McCarthy:
All search warrants involve the possibility of forced entry. All of them involve police seizures of property, which can subject the personnel involved to legal risks as well as safety risks. The cops or federal agents usually do a good job of identifying themselves during the process of seeking or forcing entry; yet there are tragic instances in which people inside the premises mistakenly believe violent criminals, rather than cops, are trying to get in, resulting in physical confrontations including, sometimes, exchanges of gunfire.
As a result, and as a matter of common sense, the FBI always has an operational plan for carrying out a court-authorized search. That plan customarily involves reminding the search teams of the FBI’s use-of-force policies. Those policies, of course, include a refresher on the conditions under which lethal force may be used. This is to prepare law-enforcement officials for contingencies that are all too familiar, and to protect the agency and agents in the event of later legal claims.
If you don’t instantly grasp why police agencies would perform these prudential steps, you must have been living under a rock for the last decade or so, which has featured no shortage of instances in which allegations of excessive police force have been made (and a thankfully small percentage of instances when excessive force was actually used), with intense scrutiny and occasional rioting in the aftermath.

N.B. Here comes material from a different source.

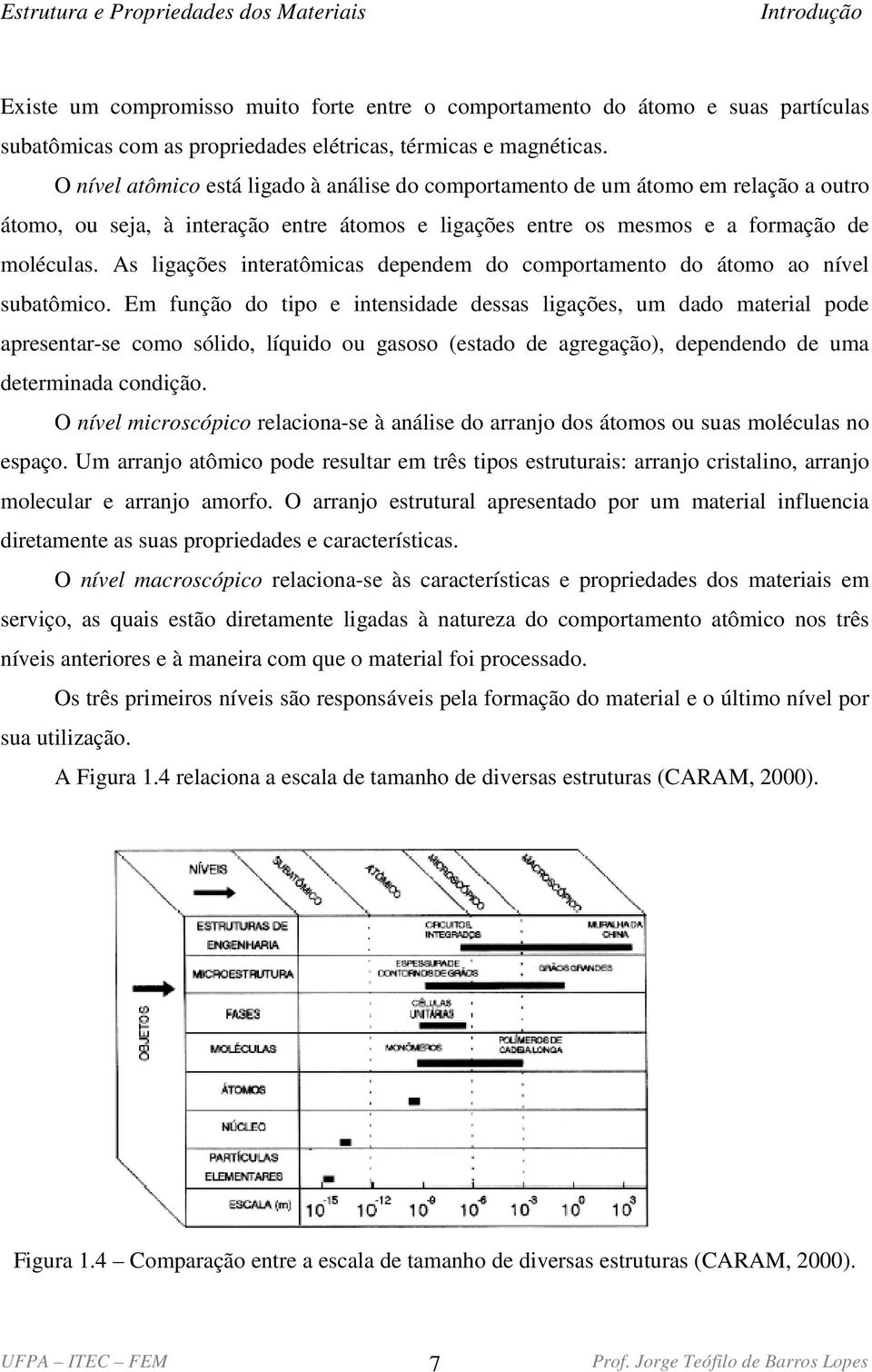 As ligações interatômicas dependem do comportamento do átomo ao nível subatômico.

It would have been surprising if the Mar-a-Lago search hadn’t been conducted in accordance with an operational plan of which use-of-force policies were a component. It was important to do this search by the book — more on that momentarily. But there was never anticipation that force, much less lethal force, would be used, and there was never any threat to the former president. My understanding is that the FBI was reluctant to do the search — it was Justice Department officials who ran out of patience with Trump’s intransigence. The bureau intentionally carried out the search when it was known that Trump was not on the premises.